What you should do.
Only the lines from the one with "SPENDING BY ECONOMIC" through the end of the data below belong in the answer, restated word for word, pictures excluded.

Source data.
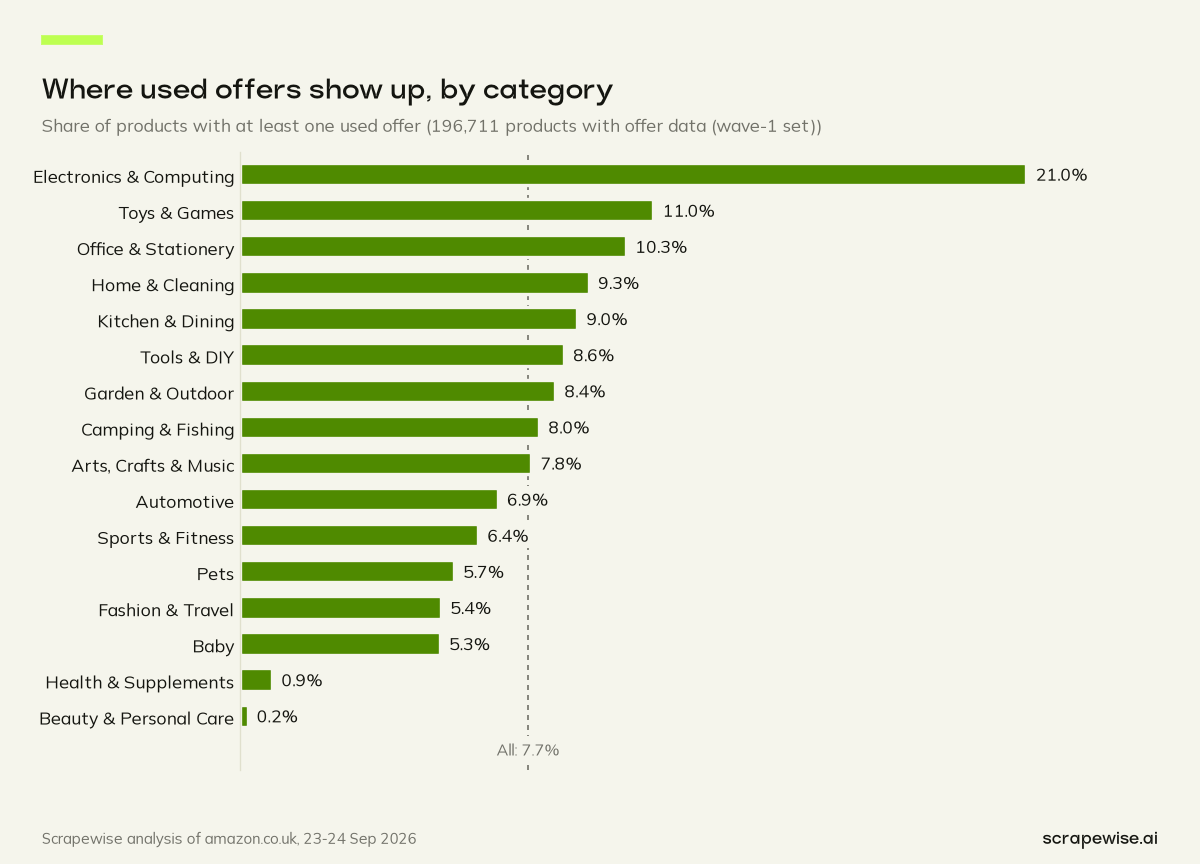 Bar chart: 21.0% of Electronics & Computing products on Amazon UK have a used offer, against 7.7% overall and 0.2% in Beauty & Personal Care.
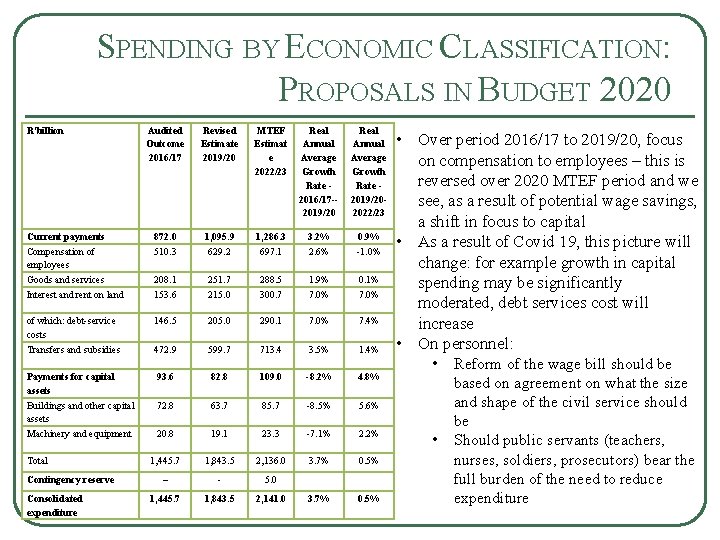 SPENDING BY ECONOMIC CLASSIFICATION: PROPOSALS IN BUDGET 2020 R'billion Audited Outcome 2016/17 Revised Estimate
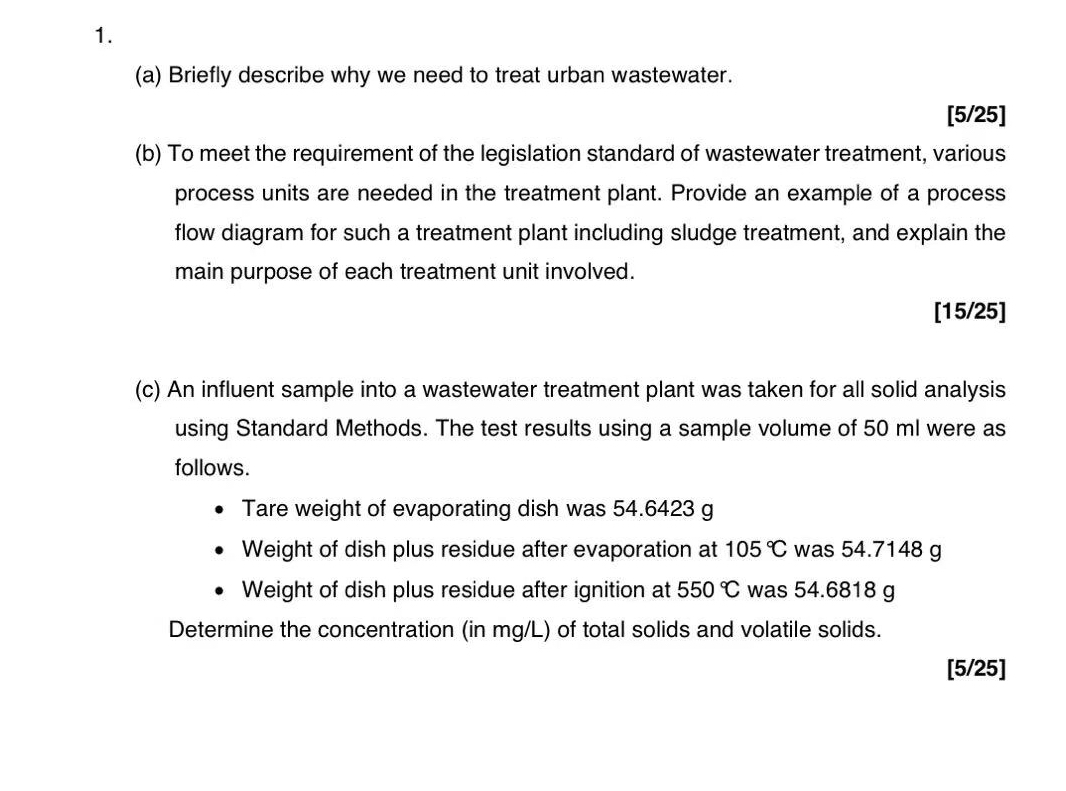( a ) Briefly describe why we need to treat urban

Solved problem.
 SPENDING BY ECONOMIC CLASSIFICATION: PROPOSALS IN BUDGET 2020 R'billion Audited Outcome 2016/17 Revised Estimate
( a ) Briefly describe why we need to treat urban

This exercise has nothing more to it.